Is this a good time to be in the business of fixing cars? Well, that depends. How does that half-filled glass look?
For the glass-half-full crowd, there is this reason for optimism: People are driving older cars. Auto sales have fallen like a brick over the last several months, taking with them not just domestic automakers hurting from lower SUV sales but also the import companies, like Toyota, known more for gas-sipping models.
People are driving older cars, making repairs more common and helping the auto aftermarket industry. But people are also driving less and putting off more repairs.
Fewer new cars on the road means more older cars on the road, and more older cars means more business.
Yet the pessimists may have an even more notable number: The number of miles driven in the U.S. has fallen each of the past six months. That is hurting an industry generally considered recession-proof by keeping cars off the road. Cars that aren't driven as much don't wear out as quickly.
"The number of miles driven has been declining for the last six months," said Mike Rippey, CEO of 1-800 Radiator, a California-based wholesale radiator franchise. "That's never happened before. The effect is, across all auto parts, if a car is driven less, it takes longer for parts to wear out."
Which view is winning out? So far, it appears that the pessimists have it. While some companies have reported strong sales recently, many others have shown weakness and stock prices for several of them have fallen.
That makes sense. For years, the auto industry had been able to rely on a simple fact: people keep driving. Miles traveled had been increasing steadily since the early 1980s, when gas prices began falling after the previous price spike of the late-1970s.
The recent declines have followed the run-up in gas prices. Most recently, the number of miles driven in the U.S. fell 3.7 percent in May, according to the Federal Highway Administration. That continued a steady, significant decline that began in November.
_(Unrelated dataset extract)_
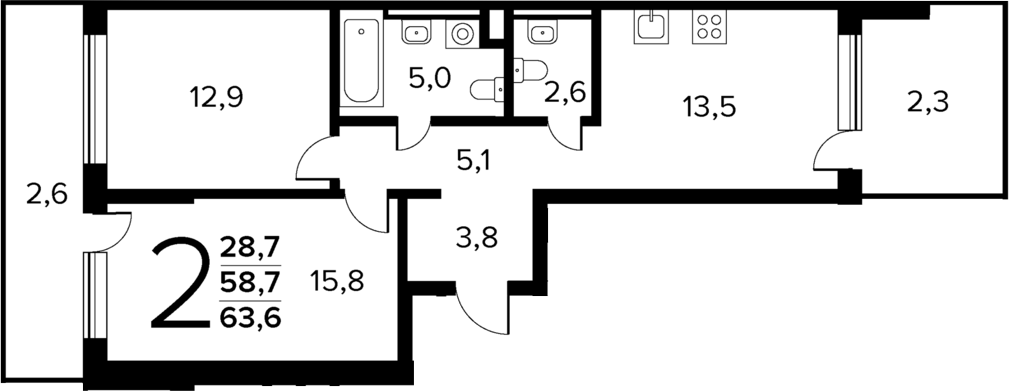 2-комн., 58.7 м², 1/9 этаж, ЖК «Новые Ватутинки Квартал у реки»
More people are using mass transit, which has increased significantly in many markets, and the popularity of gas-sipping vehicles like scooters has also increased.
The decreased driving does have a ripple effect on aftermarket companies that deal in both service issues and parts sales. For instance, if people are driving less, they may take four months to need an oil change instead of three. It may take them a year to need a maintenance checkup instead of nine months.
"There's a domino effect," said Cid Wilson, senior analyst with Kevin Dann & Partners who focuses on the auto aftermarket industry. "Now that six-month repair takes eight months. Something you needed every nine months takes 12 months. It has an adverse impact on the whole industry.
But the decline in driving has started reversing the major factor that led to it – gas prices. Once thought headed for the $5 mark, they've fallen back to Earth from the $4 level of this summer. Lower gas prices may get some people back on the road.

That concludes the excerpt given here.